Short web captions:
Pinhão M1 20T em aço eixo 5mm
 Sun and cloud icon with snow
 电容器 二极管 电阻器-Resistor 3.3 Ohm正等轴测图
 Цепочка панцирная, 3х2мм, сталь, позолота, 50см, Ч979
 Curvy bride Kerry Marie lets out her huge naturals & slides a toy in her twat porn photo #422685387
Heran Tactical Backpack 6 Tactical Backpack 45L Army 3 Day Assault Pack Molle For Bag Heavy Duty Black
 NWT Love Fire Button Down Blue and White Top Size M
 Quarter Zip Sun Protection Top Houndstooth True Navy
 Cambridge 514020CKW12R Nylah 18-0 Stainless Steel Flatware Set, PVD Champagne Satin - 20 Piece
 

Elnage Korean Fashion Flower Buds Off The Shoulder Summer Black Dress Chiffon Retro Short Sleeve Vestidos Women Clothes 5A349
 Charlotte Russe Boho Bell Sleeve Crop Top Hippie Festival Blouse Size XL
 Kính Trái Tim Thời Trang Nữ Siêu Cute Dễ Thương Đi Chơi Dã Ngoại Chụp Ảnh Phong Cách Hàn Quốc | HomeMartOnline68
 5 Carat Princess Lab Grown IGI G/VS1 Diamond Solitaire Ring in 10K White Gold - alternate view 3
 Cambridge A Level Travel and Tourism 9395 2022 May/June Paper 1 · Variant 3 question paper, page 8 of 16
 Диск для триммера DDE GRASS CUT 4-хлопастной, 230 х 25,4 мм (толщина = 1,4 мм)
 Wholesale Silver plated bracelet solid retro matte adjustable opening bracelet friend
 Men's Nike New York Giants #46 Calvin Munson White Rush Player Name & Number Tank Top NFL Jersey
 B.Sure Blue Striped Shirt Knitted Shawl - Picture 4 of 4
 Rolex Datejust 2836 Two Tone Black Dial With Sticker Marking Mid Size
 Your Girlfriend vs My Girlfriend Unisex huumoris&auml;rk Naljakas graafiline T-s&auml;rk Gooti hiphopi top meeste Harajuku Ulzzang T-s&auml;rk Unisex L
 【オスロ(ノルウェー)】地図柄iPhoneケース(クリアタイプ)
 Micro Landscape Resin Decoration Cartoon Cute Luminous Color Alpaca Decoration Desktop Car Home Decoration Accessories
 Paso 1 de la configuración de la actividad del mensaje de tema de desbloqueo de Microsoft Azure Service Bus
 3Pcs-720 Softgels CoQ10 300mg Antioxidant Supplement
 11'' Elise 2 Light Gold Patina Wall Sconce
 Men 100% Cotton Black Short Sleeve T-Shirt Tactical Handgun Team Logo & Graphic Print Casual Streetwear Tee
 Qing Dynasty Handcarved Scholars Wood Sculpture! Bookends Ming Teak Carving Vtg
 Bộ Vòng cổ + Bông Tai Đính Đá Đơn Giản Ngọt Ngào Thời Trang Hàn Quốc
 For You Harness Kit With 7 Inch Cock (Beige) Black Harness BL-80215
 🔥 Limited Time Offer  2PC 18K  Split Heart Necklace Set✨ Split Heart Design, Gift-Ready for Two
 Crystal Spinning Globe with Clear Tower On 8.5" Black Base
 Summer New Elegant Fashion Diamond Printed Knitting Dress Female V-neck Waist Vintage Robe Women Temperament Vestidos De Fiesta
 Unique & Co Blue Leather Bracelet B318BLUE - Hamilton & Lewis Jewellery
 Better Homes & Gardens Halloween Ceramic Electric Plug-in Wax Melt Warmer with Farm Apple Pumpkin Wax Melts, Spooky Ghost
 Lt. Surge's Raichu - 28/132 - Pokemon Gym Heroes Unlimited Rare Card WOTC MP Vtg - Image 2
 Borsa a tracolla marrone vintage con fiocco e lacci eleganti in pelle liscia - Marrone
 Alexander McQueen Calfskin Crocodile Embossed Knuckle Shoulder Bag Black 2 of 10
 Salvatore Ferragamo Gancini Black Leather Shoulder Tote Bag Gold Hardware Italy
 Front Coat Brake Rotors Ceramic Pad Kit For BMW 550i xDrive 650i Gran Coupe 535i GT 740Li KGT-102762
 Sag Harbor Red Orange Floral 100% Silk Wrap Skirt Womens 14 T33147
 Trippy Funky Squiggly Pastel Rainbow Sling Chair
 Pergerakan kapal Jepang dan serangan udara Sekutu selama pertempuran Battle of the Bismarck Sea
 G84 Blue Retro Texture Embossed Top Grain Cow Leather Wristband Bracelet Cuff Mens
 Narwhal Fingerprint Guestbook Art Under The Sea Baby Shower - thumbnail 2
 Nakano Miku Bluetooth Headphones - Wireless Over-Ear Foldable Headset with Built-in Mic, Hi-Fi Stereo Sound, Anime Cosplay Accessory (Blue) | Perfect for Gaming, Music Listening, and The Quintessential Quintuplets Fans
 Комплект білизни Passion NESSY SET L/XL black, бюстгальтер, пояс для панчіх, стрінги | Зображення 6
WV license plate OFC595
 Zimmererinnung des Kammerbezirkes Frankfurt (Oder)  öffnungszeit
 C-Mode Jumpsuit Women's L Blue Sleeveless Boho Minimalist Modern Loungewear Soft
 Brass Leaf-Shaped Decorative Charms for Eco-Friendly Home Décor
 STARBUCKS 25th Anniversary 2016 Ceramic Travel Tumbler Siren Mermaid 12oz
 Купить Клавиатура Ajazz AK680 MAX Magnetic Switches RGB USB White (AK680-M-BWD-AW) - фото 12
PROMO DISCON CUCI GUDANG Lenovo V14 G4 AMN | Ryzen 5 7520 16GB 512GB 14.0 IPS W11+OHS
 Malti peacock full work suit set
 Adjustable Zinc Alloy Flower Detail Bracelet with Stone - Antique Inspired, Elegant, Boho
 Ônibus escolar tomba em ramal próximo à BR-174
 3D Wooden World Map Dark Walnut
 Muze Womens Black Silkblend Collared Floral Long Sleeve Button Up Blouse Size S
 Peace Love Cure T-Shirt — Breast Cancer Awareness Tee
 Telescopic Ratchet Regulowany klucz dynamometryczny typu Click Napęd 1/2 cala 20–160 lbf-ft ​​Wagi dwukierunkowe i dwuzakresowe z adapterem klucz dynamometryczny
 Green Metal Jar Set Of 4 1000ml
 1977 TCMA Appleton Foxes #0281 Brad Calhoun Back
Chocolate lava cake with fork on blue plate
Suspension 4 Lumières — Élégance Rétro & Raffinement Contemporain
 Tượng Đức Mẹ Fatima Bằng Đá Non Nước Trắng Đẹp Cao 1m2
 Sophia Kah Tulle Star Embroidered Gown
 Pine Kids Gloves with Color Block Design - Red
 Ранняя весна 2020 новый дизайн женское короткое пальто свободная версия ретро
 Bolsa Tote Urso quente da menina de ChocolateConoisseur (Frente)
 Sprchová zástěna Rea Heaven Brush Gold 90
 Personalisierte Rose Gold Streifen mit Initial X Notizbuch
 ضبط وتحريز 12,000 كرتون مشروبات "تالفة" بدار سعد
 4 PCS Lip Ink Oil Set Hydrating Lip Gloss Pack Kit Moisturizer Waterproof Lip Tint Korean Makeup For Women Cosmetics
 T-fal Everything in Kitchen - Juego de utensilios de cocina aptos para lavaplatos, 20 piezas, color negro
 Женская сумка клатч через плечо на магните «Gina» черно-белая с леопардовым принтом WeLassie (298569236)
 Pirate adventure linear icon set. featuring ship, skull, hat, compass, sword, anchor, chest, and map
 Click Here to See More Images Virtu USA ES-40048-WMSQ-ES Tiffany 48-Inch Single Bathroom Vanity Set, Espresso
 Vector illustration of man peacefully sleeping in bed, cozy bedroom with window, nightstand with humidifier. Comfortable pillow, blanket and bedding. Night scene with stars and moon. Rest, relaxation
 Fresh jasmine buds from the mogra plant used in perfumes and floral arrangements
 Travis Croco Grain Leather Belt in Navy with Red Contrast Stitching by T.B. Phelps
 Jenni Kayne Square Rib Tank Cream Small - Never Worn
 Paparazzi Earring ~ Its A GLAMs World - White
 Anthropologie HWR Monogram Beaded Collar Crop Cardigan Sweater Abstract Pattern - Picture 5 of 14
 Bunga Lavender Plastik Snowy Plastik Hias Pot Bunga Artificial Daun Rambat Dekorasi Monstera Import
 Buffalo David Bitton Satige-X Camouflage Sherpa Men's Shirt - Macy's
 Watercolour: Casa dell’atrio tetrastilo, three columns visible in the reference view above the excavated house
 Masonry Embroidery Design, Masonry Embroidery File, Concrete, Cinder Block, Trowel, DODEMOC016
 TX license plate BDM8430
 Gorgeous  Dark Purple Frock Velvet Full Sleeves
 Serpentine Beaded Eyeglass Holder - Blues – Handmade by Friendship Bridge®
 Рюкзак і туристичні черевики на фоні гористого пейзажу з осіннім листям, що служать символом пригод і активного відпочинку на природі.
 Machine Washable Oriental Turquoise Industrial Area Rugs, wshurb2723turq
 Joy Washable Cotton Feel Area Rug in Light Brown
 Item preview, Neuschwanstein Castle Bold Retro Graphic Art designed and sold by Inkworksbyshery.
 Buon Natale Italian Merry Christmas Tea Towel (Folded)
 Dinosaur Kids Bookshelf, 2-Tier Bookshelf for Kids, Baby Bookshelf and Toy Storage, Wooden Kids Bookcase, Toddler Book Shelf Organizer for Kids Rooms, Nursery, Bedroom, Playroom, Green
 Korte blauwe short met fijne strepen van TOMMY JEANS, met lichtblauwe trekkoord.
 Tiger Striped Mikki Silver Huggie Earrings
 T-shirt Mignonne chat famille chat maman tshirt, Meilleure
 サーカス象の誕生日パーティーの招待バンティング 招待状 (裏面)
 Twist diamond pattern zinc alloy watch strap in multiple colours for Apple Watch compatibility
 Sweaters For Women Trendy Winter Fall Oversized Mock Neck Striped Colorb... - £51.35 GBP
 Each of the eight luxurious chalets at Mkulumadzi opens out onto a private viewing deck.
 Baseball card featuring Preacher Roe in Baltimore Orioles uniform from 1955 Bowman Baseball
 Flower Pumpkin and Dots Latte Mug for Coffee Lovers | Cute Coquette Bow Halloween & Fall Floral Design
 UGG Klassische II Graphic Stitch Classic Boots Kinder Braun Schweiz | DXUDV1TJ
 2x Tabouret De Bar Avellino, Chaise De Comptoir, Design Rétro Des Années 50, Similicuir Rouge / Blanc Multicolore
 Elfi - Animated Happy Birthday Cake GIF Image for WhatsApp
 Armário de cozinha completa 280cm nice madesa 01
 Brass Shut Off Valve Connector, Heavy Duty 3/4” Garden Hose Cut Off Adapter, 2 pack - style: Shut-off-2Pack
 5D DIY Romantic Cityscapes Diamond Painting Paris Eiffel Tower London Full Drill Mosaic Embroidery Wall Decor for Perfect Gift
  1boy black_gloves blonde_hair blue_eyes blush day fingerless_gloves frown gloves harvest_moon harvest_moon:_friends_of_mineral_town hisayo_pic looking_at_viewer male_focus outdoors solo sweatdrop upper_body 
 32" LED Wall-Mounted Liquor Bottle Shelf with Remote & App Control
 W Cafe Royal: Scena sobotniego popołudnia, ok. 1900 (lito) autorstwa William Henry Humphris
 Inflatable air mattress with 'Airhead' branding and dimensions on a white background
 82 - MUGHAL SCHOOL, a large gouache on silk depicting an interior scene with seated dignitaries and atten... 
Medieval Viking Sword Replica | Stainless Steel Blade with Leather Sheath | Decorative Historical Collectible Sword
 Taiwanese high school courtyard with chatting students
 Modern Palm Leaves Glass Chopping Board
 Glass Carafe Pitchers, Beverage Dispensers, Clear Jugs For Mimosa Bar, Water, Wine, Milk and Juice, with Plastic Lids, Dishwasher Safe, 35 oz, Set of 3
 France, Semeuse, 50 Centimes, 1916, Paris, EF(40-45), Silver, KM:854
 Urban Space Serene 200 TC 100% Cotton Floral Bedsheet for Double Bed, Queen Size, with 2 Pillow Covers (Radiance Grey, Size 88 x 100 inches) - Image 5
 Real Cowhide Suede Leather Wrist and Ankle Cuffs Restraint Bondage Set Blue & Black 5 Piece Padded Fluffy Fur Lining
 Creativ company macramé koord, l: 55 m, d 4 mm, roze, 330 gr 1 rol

• **Assignment**
In the reply, include exactly the lines from the beginning of the entries above through the line holding "NWT Love Fire", and nothing besides.

• **Expected answer**
Pinhão M1 20T em aço eixo 5mm
 Sun and cloud icon with snow
 电容器 二极管 电阻器-Resistor 3.3 Ohm正等轴测图
 Цепочка панцирная, 3х2мм, сталь, позолота, 50см, Ч979
 Curvy bride Kerry Marie lets out her huge naturals & slides a toy in her twat porn photo #422685387
Heran Tactical Backpack 6 Tactical Backpack 45L Army 3 Day Assault Pack Molle For Bag Heavy Duty Black
 NWT Love Fire Button Down Blue and White Top Size M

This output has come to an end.